ASSIGNED TASK:
Where the listing below has a line with "Les gracieuses brinicles", write out exactly that line and every line after it, stopping after the line with "伊勢神宮 外宮 土宮 伊勢神宮 外宮 土宮 12835547".

DATA EXTRACTS:

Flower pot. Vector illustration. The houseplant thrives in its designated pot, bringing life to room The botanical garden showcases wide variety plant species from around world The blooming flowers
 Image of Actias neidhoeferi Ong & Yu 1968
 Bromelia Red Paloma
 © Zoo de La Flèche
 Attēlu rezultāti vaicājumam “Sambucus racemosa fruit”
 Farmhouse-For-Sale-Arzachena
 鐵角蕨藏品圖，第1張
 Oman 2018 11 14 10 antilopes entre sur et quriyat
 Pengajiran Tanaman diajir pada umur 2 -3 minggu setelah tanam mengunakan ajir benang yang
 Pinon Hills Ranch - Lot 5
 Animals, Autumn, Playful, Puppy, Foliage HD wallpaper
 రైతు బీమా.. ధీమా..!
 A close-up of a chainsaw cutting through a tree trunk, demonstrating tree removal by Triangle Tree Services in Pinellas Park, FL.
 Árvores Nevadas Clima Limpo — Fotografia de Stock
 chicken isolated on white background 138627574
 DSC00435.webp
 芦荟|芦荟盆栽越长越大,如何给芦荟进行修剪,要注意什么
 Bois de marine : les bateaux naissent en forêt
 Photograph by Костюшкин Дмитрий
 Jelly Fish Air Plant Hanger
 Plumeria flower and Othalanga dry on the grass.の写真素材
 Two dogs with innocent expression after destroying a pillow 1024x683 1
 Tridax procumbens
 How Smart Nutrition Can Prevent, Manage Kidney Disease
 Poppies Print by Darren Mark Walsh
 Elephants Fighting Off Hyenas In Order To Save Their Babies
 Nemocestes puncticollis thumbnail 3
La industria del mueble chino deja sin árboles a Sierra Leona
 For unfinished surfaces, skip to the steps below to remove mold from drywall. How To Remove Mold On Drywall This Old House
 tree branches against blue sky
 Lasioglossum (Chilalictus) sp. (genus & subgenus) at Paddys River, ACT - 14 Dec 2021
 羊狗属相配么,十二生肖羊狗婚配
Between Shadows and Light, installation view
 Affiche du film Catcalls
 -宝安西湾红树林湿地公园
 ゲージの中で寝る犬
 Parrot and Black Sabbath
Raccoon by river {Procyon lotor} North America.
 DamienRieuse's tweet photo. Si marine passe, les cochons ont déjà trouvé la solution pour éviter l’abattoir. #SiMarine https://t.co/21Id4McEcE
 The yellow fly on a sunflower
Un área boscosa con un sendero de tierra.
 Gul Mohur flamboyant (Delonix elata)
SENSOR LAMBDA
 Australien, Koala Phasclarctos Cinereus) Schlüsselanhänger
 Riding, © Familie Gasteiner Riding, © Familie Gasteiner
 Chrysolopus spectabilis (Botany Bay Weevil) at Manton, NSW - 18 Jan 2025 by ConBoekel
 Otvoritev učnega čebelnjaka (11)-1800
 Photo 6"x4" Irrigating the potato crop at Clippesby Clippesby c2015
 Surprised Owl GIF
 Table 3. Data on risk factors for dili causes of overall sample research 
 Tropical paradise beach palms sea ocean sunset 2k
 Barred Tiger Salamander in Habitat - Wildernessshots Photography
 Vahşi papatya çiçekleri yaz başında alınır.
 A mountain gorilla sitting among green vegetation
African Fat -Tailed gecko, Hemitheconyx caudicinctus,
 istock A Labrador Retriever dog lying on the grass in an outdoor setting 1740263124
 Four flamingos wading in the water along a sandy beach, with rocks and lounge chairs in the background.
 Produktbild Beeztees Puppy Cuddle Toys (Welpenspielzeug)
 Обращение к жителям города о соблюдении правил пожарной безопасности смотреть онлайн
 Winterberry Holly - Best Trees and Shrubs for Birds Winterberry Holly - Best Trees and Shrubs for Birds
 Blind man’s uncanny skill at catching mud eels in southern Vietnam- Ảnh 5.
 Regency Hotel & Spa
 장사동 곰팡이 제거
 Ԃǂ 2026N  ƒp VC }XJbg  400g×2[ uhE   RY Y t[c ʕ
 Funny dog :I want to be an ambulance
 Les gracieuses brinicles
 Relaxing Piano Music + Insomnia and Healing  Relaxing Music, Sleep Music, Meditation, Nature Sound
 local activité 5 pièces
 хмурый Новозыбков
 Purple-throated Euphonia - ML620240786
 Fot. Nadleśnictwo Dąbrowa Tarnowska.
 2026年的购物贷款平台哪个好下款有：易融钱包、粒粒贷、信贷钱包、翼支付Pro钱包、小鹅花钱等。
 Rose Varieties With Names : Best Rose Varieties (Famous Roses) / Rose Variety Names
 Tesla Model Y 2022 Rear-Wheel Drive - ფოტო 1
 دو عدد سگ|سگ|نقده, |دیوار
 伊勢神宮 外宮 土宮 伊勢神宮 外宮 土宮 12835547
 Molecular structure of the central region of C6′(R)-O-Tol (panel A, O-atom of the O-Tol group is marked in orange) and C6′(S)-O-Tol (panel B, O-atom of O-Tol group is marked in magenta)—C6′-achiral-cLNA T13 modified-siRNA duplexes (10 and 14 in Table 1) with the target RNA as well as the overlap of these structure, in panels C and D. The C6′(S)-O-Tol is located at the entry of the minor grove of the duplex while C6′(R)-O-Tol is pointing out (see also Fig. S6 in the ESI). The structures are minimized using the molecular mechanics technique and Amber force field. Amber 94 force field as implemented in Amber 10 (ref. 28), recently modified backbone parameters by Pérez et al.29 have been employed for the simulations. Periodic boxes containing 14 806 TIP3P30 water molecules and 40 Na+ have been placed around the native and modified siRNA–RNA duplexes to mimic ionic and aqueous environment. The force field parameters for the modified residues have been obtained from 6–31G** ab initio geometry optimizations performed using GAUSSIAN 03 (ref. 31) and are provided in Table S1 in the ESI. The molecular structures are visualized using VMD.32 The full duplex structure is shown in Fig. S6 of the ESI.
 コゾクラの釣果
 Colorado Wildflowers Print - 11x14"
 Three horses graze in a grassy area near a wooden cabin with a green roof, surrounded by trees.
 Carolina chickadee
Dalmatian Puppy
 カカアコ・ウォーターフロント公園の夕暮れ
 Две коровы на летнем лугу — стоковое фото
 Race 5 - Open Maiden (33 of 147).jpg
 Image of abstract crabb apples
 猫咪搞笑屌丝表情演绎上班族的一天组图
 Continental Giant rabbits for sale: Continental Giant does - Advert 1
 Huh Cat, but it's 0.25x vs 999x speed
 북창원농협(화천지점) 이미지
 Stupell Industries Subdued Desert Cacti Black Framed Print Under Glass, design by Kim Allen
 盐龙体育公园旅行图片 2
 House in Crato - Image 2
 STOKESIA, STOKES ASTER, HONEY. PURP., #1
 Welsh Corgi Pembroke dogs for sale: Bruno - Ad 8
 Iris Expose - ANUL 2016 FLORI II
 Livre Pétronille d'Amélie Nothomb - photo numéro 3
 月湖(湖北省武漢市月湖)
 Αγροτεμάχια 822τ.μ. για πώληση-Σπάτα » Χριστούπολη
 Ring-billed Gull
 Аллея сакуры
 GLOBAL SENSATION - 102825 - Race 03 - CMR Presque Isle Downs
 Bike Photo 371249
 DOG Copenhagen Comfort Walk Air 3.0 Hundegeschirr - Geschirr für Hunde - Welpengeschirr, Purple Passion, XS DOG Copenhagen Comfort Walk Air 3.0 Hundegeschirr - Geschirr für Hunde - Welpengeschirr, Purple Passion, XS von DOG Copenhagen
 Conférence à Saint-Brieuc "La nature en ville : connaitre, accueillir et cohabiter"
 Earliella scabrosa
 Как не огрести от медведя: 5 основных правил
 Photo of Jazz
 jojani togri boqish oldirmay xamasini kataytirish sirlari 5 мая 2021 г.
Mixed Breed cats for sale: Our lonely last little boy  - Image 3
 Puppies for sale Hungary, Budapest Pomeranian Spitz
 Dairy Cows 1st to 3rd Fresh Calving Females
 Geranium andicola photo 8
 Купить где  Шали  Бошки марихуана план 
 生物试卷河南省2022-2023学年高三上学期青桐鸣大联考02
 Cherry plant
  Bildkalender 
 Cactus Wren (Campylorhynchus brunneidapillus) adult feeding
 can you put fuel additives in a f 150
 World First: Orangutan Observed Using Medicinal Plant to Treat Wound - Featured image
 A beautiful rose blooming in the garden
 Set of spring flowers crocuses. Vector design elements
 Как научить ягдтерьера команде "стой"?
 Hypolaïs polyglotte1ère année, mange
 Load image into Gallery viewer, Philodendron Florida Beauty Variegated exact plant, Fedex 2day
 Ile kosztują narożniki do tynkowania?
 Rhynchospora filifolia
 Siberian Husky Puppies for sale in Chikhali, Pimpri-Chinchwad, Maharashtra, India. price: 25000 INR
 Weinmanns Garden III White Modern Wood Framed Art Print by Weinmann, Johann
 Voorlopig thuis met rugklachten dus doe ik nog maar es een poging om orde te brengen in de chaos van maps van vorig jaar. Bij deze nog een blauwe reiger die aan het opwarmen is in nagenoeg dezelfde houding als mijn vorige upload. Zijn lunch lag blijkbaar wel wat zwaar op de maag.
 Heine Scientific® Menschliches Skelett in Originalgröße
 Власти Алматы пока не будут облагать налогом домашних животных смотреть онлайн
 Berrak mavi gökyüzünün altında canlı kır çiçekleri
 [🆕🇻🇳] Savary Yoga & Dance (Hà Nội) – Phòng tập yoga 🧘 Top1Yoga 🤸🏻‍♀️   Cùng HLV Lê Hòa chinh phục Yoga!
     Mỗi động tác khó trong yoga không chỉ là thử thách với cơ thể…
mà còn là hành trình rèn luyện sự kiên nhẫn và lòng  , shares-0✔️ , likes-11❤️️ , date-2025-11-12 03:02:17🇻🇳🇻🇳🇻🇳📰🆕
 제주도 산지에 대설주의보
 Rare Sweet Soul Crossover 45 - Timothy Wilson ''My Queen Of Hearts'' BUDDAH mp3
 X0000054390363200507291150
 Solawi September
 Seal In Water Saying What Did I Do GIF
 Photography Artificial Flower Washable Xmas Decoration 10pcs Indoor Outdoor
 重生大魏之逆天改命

RESULT OF THE EXERCISE:
 Les gracieuses brinicles
 Relaxing Piano Music + Insomnia and Healing  Relaxing Music, Sleep Music, Meditation, Nature Sound
 local activité 5 pièces
 хмурый Новозыбков
 Purple-throated Euphonia - ML620240786
 Fot. Nadleśnictwo Dąbrowa Tarnowska.
 2026年的购物贷款平台哪个好下款有：易融钱包、粒粒贷、信贷钱包、翼支付Pro钱包、小鹅花钱等。
 Rose Varieties With Names : Best Rose Varieties (Famous Roses) / Rose Variety Names
 Tesla Model Y 2022 Rear-Wheel Drive - ფოტო 1
 دو عدد سگ|سگ|نقده, |دیوار
 伊勢神宮 外宮 土宮 伊勢神宮 外宮 土宮 12835547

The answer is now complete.